Mon, Dec 11, 2006 - Page 13 News List

A musical astronaut returns to earth

Known for her ethereal, synthetic sound, Summer Lei's new album sees the pioneering composer adopt a warmer touch

By Ho Yi  /  STAFF REPORTER

PHOTO COURTESY OF SONY BMG

From behind a gauzy curtain in a dimly lit room at the Nanhai Gallery (南海藝廊), a soothing voice filled the air, whispering the secret language of ocean waves and ancient memories unveiled in recurring dreams. This was the new sound of the musical talent, poet and radio host Summer Lei (雷光夏).

Lei is famous for her voice, which can be heard in television and radio commercials, as well as her classical music program on the Taipei Philharmonic's radio station (台北愛樂電台). Her 1999 album http://summerplanet.com gained her a reputation as being Taiwan's pioneer of "noise folk music," combining traditional-style songs with ambient-like electronic sound effects.

Though she has five albums to her name, Lei avoids the limelight. Interviewed Monday after a puppet show inspired by her new album, however, Lei was surprisingly congenial. Offstage, she seemed just like her music — sincere, sensitive and comforting.

The daughter of famed poet, writer and documentary filmmaker Lei Hsiang (雷驤), Lei was raised in an artistic family, and her love for music saw its genesis with Lei Hsiang's trick of covering up baby Lei's crying with classical music, an anecdote his daughter is fond of retelling.

Despite this background, Lei did not plan on becoming a musician. In high school she dreamed of winning a Pulitzer Prize, only to find out later that since she was not a US citizen she could not even qualify for the award. Coming of age during the social movements of the 1980s and eager to make a contribution to social justice, Lei studied journalism in college. "But I gave up this dream quickly because being a journalist means you have to keep a distance. I couldn't do it; I can't repress my feelings," Lei said.

Performance Notes:

What: Summer Lei teams up with musician friends for two concerts to promote her newly released album The Light of Darkness

When: Dec. 22 and Dec. 23 in Eslite Hall, on the 6th floor of the Eslite Flagship Bookstore in Taipei’s Xinyi District (誠品書店信義區旗艦店6樓誠品廳).
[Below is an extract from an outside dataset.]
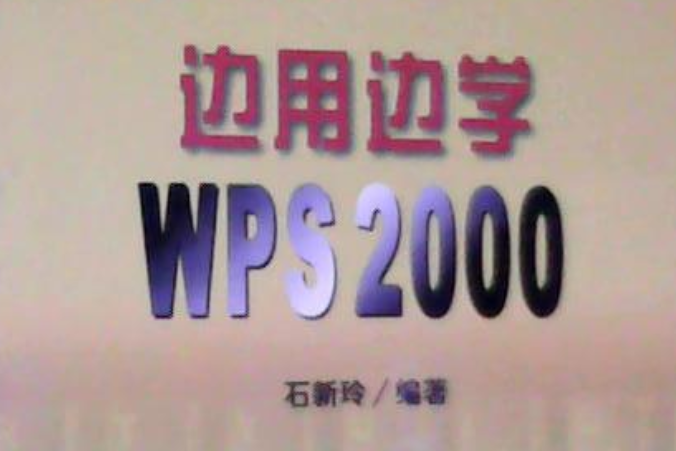 邊用邊學WPS 2000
For more information, visit http://www.cizoo.com/summer


Luckily for her fans, pioneering Japanese musician Ryuichi Sakamoto inspired Lei to turn to music. She first heard Sakamoto's synth-rock music in high school and was immediately fascinated by the avant-garde sounds he created using a synthesizer.

Lei bought her first synthesizer in college. "Back then my friends would call me 'midi girl' because I played with electronic sounds while everyone else was playing guitar," she said.

Not surprisingly, her interest in electronica was complimented by a love of science fiction, in particular the Alien series of films and the X-Files television program. Now 38, Lei said she and a friend used to pretend they were X-Files agents Dana Scully and Fox Mulder. "I later gave up the game simply because I didn't want to be a dork," Lei said with a hearty laugh.

But Lei's love of the imaginary and the magical have persisted and continue to influence her work. Blending the sounds of the accordion, drum, piano, cello and other string instruments with the electronic, Lei's music is often said to have a half-human, half-artificial sound.

"For me, reality is endless boredom. So I love everything that is a twisted translation of the real. In my mind, unplugged sounds are like the [planet] earth, breathing warmth and humanity; while electronic music is [like] outer space, ice-cold and representing everything bizarre that happens in the world," Lei said.

Another constant is the theme of life as a journey. Like many female artists who look inward for inspiration, Lei draws creative material from inner musings and past experiences. Less productive than the average musician — she releases a new album every three to four years — Lei works by transforming pieces of her life's journey into intimate lyrical diaries.